I became acquainted with grief twenty-two years ago when I was pregnant with my second daughter. There were clues that things weren’t right, but no one would say it out loud because even the doctors were unsure of what to expect. But my instinct was that my baby wasn’t growing and thriving. I began grieving my daughter even before I saw her.
Her birth confirmed all our worst fears, and after many days in the Neonatal Intensive Care Unit, we took her home with tubes and wires and a fatal diagnosis. We were told to make her comfortable until the time came to let her go. And so, I began my journey with grief. It settled itself into our home like a member of the family. We learned to live with it. We laughed, we celebrated holidays and birthdays, we had friends over, played games, and went on vacations. But grief was always with us. It lurked in the background, uninvited and unacknowledged but ever present. It hung around like a dark cloud on a sunny day threatening to burst upon us at any moment.

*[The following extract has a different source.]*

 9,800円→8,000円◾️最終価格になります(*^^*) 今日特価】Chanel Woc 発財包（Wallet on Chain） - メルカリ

For nine years we lived like that, teetering on the edge of some abyss that we knew was there but couldn’t see. And then one day our sunshine was gone, and the dark cloud of grief burst open and poured itself on us in a constant, torrential rain. We fell into the abyss and even though we had known for so many years that the fall was coming, no one could have prepared us for how long and deep we would fall.

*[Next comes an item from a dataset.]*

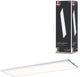 Paulmann iluminación LED bajo mueble ace angular 300x100 mm 520lm 2700k blanco, satinado regulable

Thirteen years have passed, and we have experienced much joy since then. We have been given the gift of a third daughter through adoption. We have watched our oldest daughter graduate high school, graduate college, and move to Africa to work with families who, like her own, face difficult diagnoses and even death. We have a strong and healthy marriage. We pastor a church we love and have friends who have stood with us through the struggles of life. God has been truly good to us.
And yet, this grief still lingers. It has taken up residence in my heart and is a constant companion. I have fought it. I have ignored it. I have medicated it. I have read every book I can find to learn about it. I have treated it as something I need to overcome, some flaw in my character. Every time I face a loss of any sort it is magnified and threatens to overwhelm me again.

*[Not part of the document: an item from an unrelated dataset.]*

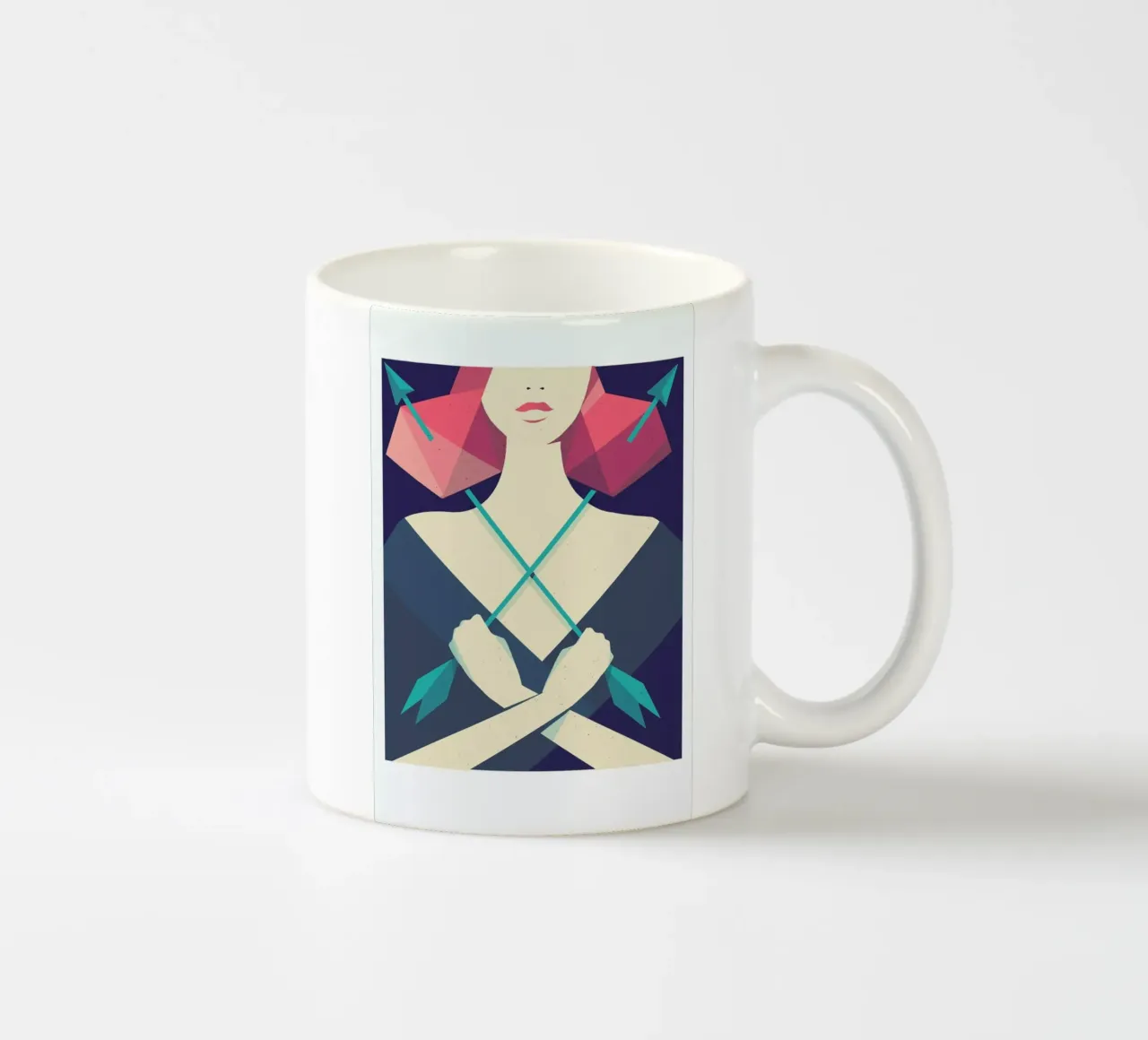 Sagittarius Keramik Tasse von Pietari Posti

It was for this very reason I recently made a trip to Florida to see my parents. Wounds, old and new, had piled up in my soul and left me feeling tired and dead inside. I felt I had reached the limit of how much grief one person can bear. I needed to rest. I needed to be with people who knew me before grief had entered my life. Maybe they would remind me of who I was before the grief.
My parents live in a retirement community, and their life is filled with routine. Every evening we took a ride on their golf cart and checked on the alligator in one pond and the birds sitting on their nests in another. It was what my heart needed. One evening my dad pointed out some beautiful flowers growing amidst a pile of dead plants. He said he had tossed them on that heap of debris because he thought they were dead. But there they were, blooming beautifully, in the debris.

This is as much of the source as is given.